(Crawled caption data)
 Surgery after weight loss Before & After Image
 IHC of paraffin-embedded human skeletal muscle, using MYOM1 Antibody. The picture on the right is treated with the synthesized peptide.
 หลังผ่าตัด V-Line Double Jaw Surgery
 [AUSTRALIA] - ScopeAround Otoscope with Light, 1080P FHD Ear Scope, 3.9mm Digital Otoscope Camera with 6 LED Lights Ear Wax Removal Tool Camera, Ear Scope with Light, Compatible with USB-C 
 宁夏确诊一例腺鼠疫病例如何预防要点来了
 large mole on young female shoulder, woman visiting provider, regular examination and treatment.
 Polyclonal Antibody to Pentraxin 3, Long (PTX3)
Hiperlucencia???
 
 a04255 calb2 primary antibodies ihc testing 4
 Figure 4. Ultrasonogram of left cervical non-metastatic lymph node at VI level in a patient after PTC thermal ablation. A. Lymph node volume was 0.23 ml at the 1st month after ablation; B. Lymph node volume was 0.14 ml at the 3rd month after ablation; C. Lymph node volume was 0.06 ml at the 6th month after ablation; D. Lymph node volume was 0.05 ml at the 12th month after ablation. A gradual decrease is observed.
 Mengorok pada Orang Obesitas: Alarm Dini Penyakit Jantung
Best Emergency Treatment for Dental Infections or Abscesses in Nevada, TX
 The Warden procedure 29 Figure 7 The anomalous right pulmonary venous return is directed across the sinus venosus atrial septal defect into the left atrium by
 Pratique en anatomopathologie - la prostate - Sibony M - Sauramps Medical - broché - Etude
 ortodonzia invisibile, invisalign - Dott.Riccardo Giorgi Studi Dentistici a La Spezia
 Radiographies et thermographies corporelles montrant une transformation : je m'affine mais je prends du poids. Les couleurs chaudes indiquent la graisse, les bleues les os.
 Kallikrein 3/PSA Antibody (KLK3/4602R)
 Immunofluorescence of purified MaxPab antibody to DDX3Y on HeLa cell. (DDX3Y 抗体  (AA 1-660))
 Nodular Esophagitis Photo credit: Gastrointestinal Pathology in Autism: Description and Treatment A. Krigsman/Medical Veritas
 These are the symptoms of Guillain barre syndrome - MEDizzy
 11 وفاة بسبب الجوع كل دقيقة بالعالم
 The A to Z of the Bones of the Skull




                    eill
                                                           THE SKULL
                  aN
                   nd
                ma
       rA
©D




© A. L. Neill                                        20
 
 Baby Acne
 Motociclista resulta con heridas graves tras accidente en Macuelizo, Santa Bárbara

Exercise objective
Write out every entry again, exactly as it appears.

Result for this exercise
 Surgery after weight loss Before & After Image
 IHC of paraffin-embedded human skeletal muscle, using MYOM1 Antibody. The picture on the right is treated with the synthesized peptide.
 หลังผ่าตัด V-Line Double Jaw Surgery
 [AUSTRALIA] - ScopeAround Otoscope with Light, 1080P FHD Ear Scope, 3.9mm Digital Otoscope Camera with 6 LED Lights Ear Wax Removal Tool Camera, Ear Scope with Light, Compatible with USB-C 
 宁夏确诊一例腺鼠疫病例如何预防要点来了
 large mole on young female shoulder, woman visiting provider, regular examination and treatment.
 Polyclonal Antibody to Pentraxin 3, Long (PTX3)
Hiperlucencia???
 
 a04255 calb2 primary antibodies ihc testing 4
 Figure 4. Ultrasonogram of left cervical non-metastatic lymph node at VI level in a patient after PTC thermal ablation. A. Lymph node volume was 0.23 ml at the 1st month after ablation; B. Lymph node volume was 0.14 ml at the 3rd month after ablation; C. Lymph node volume was 0.06 ml at the 6th month after ablation; D. Lymph node volume was 0.05 ml at the 12th month after ablation. A gradual decrease is observed.
 Mengorok pada Orang Obesitas: Alarm Dini Penyakit Jantung
Best Emergency Treatment for Dental Infections or Abscesses in Nevada, TX
 The Warden procedure 29 Figure 7 The anomalous right pulmonary venous return is directed across the sinus venosus atrial septal defect into the left atrium by
 Pratique en anatomopathologie - la prostate - Sibony M - Sauramps Medical - broché - Etude
 ortodonzia invisibile, invisalign - Dott.Riccardo Giorgi Studi Dentistici a La Spezia
 Radiographies et thermographies corporelles montrant une transformation : je m'affine mais je prends du poids. Les couleurs chaudes indiquent la graisse, les bleues les os.
 Kallikrein 3/PSA Antibody (KLK3/4602R)
 Immunofluorescence of purified MaxPab antibody to DDX3Y on HeLa cell. (DDX3Y 抗体  (AA 1-660))
 Nodular Esophagitis Photo credit: Gastrointestinal Pathology in Autism: Description and Treatment A. Krigsman/Medical Veritas
 These are the symptoms of Guillain barre syndrome - MEDizzy
 11 وفاة بسبب الجوع كل دقيقة بالعالم
 The A to Z of the Bones of the Skull




                    eill
                                                           THE SKULL
                  aN
                   nd
                ma
       rA
©D




© A. L. Neill                                        20
 
 Baby Acne
 Motociclista resulta con heridas graves tras accidente en Macuelizo, Santa Bárbara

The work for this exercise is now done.